We've got to live, no matter how many skies have fallen
Itzal&Priya
L’ambiance chaleureuse de la soirée contrastait avec le froid glacial qui s’était emparé du hall d’entrée. Les retrouvailles prirent des allures de règlement de comptes, du moins pour Priya qui préféra attaquer plutôt que de se faire avoir par l’adversaire. Perdre la face aurait été inadmissible pour l’Indienne. Elle ne savait pas ce que pouvait ressentir Itzal, elle ne pouvait se mettre à sa place. Lui en voulait-il assez pour lui faire tous les reproches du monde ? Pointer ses erreurs du doigt ? Priya n’aurait pu le supporter. Elle était consciente de ses agissements et n’avait besoin de personne pour les lui rappeler. Ainsi les questions fusèrent. La jeune femme marchait lentement lorsqu’elle obtint une première réponse. Elle posa un œil curieux sur le Vénézuélien qui racontait sa tentative de fuite. Il avait donc tenté de partir pour de vrai, tout ceci n’avait rien d’une mascarade. La suite noua l’estomac de la jeune femme. On l’avait rattrapé puis contraint à faire le sale travail. Bien sûr que Priya avait entendu parler de ce programme, mais jamais elle n’aurait pensé qu’Itzal ne devienne l’un de ces cobayes. Son visage se ferma, elle lança quelques regards inquiets autour d’eux. Dimitri ne sembla pas réagir. Il ne fallait pas qu’on donne l’alerte, qu’on prévienne les convives qu’un voleur d’énergie se trouvait parmi eux. L’Indienne avait stoppé sa marche, silencieuse.

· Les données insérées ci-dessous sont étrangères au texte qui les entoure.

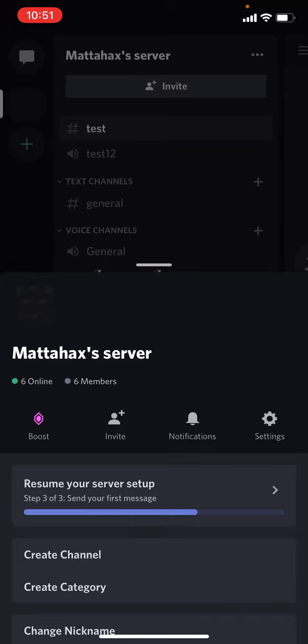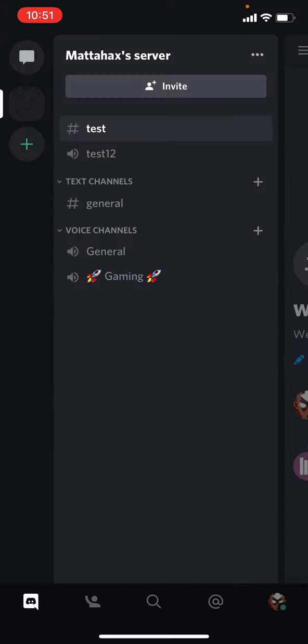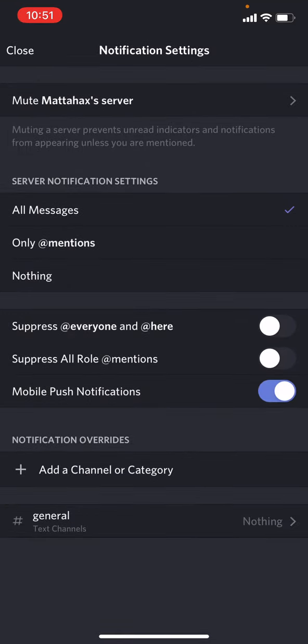We have a couple of options here. We want to go to notifications. You can see you can mute your channel here for whatever time you like, but we are interested in the middle option: Suppress everyone and slash here.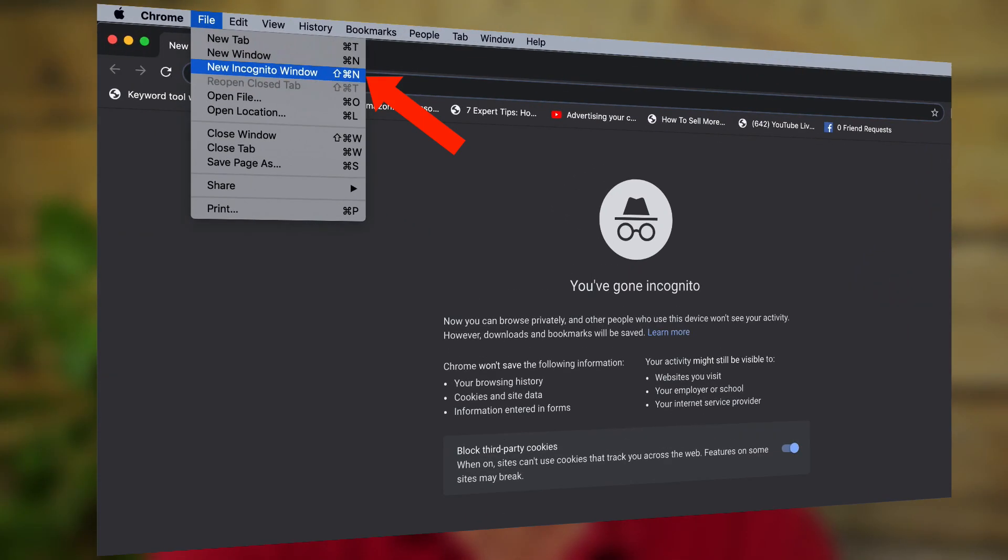Just keep in mind you can't subscribe to your own channel if you want to test out the subscribe link to see if it works. The best way to test out your subscribe link is to log out of your YouTube channel and log in from a different channel. Alternatively, you can use incognito mode or get someone else to test it out.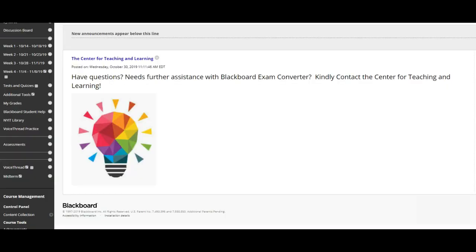Blackboard Exam Converter is a great way to upload exams. If you have questions, need further assistance, kindly contact the Center for Teaching and Learning. Thank you.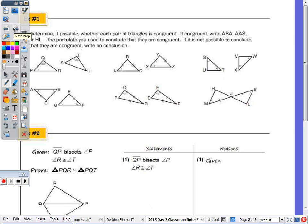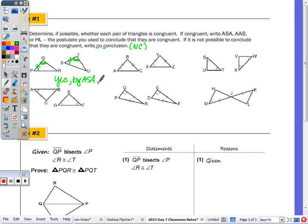On the back side, we determine whether each pair of triangles is congruent. If not possible, we write NC for no conclusion. In the first example, we have angle-side-angle in both triangles, so they are congruent by ASA. In the second example, we have angle-side-side, or equivalently side-side-angle — since SSA does not prove two triangles congruent, this is no conclusion.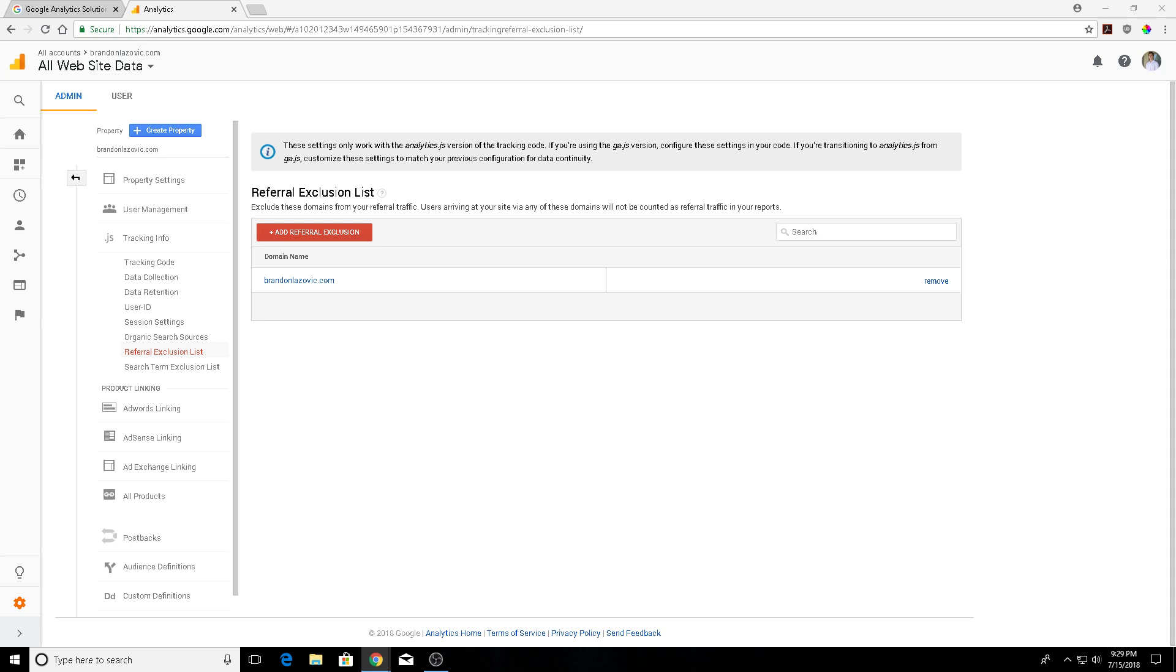using the referral exclusion list prevents them from being counted in a new session as a referral. You might assume that this would prevent that source of traffic from being counted in Google Analytics, but what Google Analytics does is connect the returning visit to the previous source and medium. So it's not viewed as a referral or direct traffic, but rather the data is still skewed in Google Analytics as that referral traffic is assigned to a different medium or source.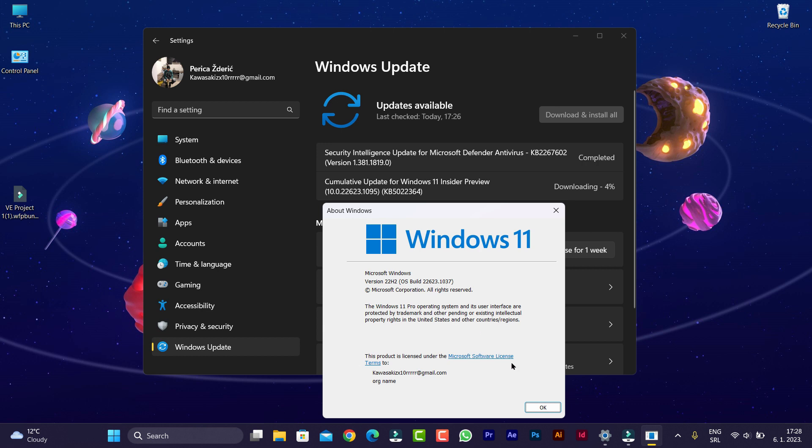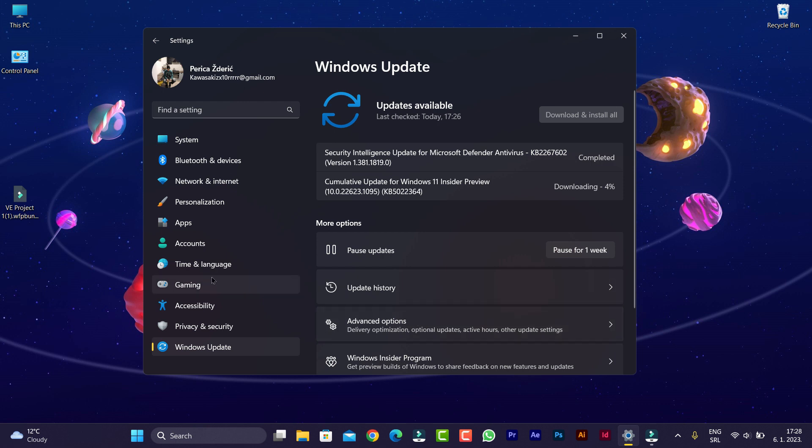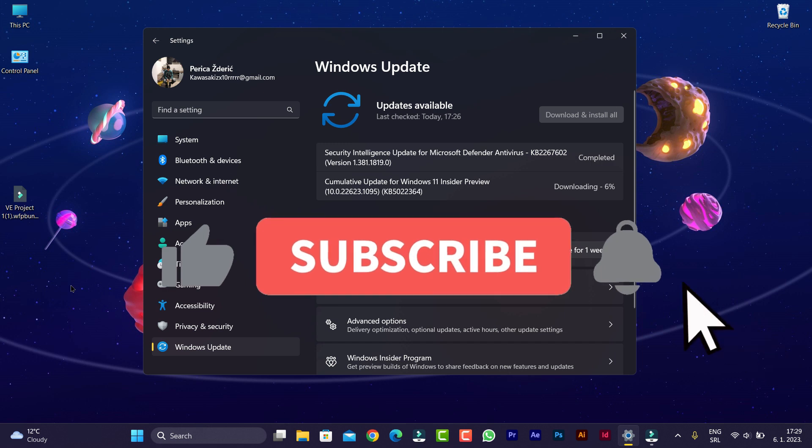So guys, go to your PCs and check for updates. Update your Windows and you will see what is new. Subscribe to my channel and report what is new in this cumulative update. That will be all for now. Thank you for watching and bye.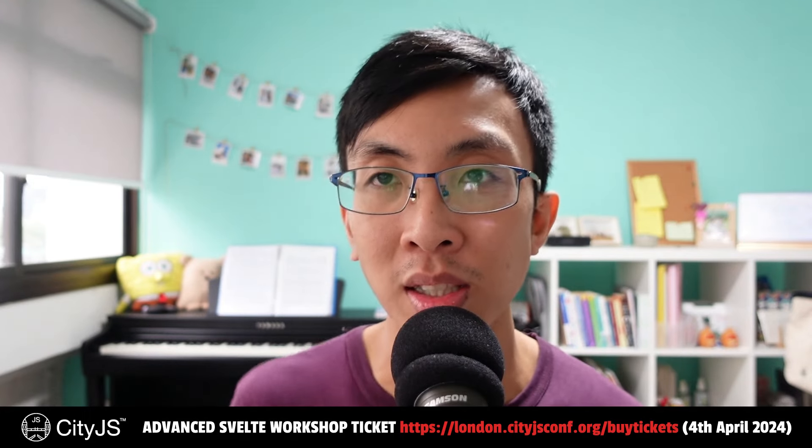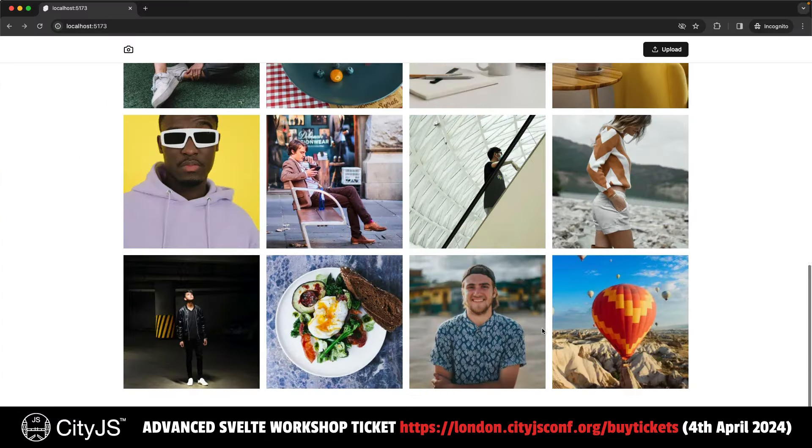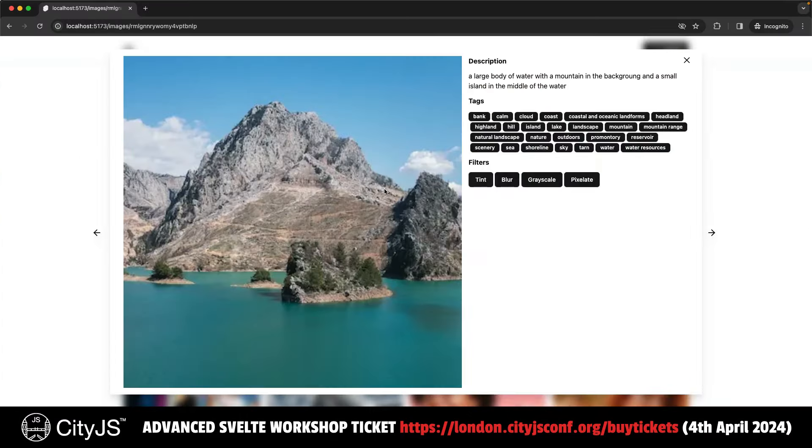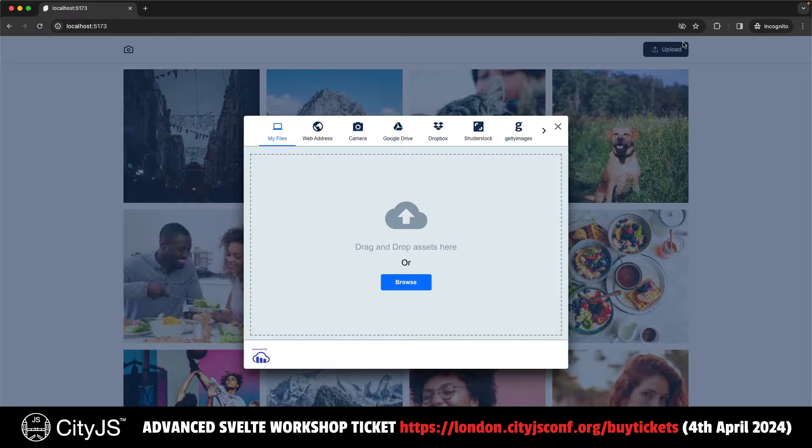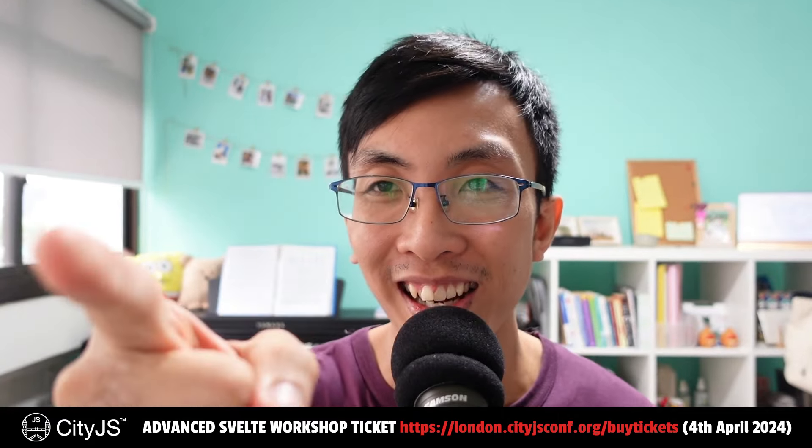I will be doing my first in-person workshop in London about Svelte and SvelteKit this year, 4th of April 2024. We will be building a photo album app using SvelteKit and Cloudinary. Tickets are selling fast and I will see you there.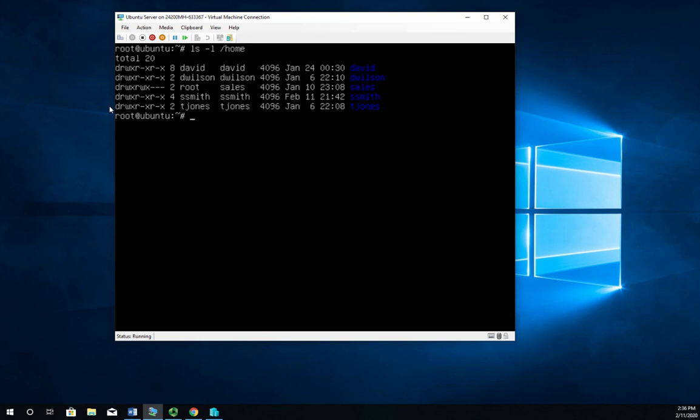rsync I can use for backups. I can use it for other kinds of file transfer operations, it really works well. We're going to use it and demonstrate it using a backup routine. So I'm going to make a new directory called /backup. And that's easy enough.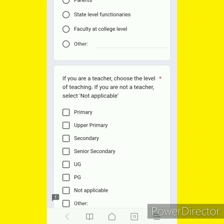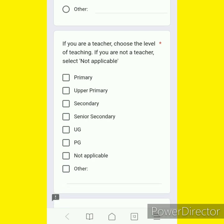If you are a teacher, choose the level of teaching. If you are not a teacher, select not applicable.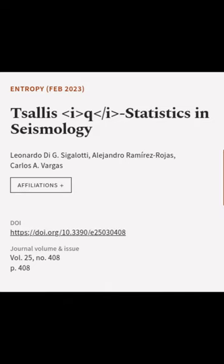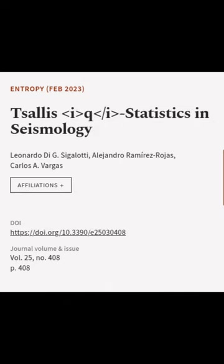This article was authored by Leonardo D. G. Sigillade, Alejandro Ramirez Rojas, and Carlos A. Vargas.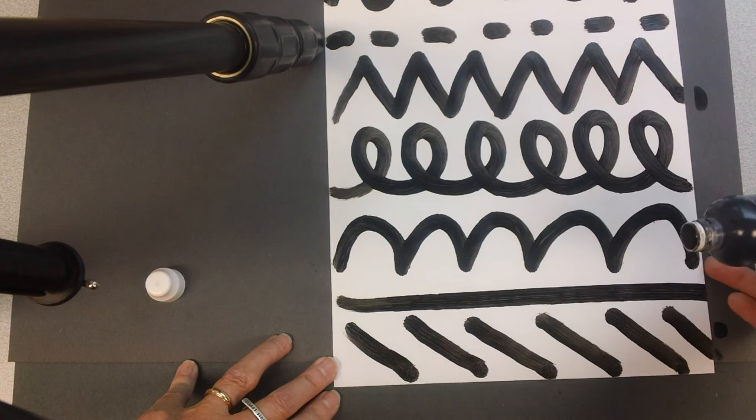Alright, so I have created my line picture. We need to wait for it to dry before we go on to the next step. Bye.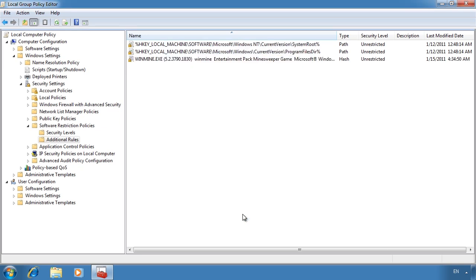Software restriction policies can be very powerful if you understand the right ones to use in which scenario. Not much has changed with group policy software restriction policies since Windows XP.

Elle lança un regard désolé vers Itzal. Elle s’en voulut un peu plus d’avoir insisté pour qu’il parte. Si elle ne lui avait pas demandé de quitter la ville alors peut-être que le Vénézuélien ne se serait pas retrouvé à faire cette sale besogne. Malgré ce que certains pouvaient dire, Priya n’était pas monstrueuse, elle était capable d’empathie. Simplement elle préférait ne rien laisser paraître, elle avait appris à encaisser en restant impassible. C’était devenu une question de survie dans la période la plus sombre de sa vie. « Je suis désolée Itzal… Quand je t’ai demandé de partir c’était justement pour éviter ça… » elle soupira. Elle avait presque murmuré sa dernière phrase, terrorisée à l’idée qu’on les surprenne et qu’on comprenne de quel sujet ils discutaient.

Alors qu’elle s’était rapprochée, la suite du discours de son « ex-quelque chose » la heurta de plein fouet. Elle obtenait les réponses aux questions qu’elle se posait depuis qu’elle l’avait revu, malgré ça elle ne pouvait s’empêcher de se sentir mal à l’aise. Comment pouvait-elle lui en vouloir de ne pas être revenu alors que c’était elle qui avait tant insisté pour qu’il disparaisse ? Le paradoxe Priya. Elle ne lui en voulait pas au fond, c’était à elle-même qu’elle en voulait. C’était elle qui avait provoqué toute cette situation. Alors que leur regard se mêlait, Priya mit un instant à comprendre ce qu’Itzal venait de dire. Il y avait peu de chance qu’ils se revoient, cette fille n’était rien. Beaucoup d’informations qu’elle assimila sans difficulté, en restait une qui avait du mal à faire son chemin. Le Vénézuélien semblait avoir été dupé par la froideur feinte de la jeune femme. Il se trompait sur toute la ligne. Elle n’avait pas « très » bien vécu comme il pouvait le penser. Elle avait survécu car elle le pensait loin. Elle n’avait pas eu le choix, elle avait dû continuer à vivre son existence avec cette drôle d’amertume qui lui rongeait le cœur.

« Tu te trompes. Tu te trompes sur toute la ligne. Que tu sois en ville ou non change tout. –sa voix partit légèrement dans les aiguës- j’ai vécu ma vie car je te pensais déjà loin, parti pour toujours, alors j’ai accepté que plus jamais ma route ne croiserait la tienne. Car dans mon esprit c’était impossible. Mais là… » elle sembla étrangement en colère.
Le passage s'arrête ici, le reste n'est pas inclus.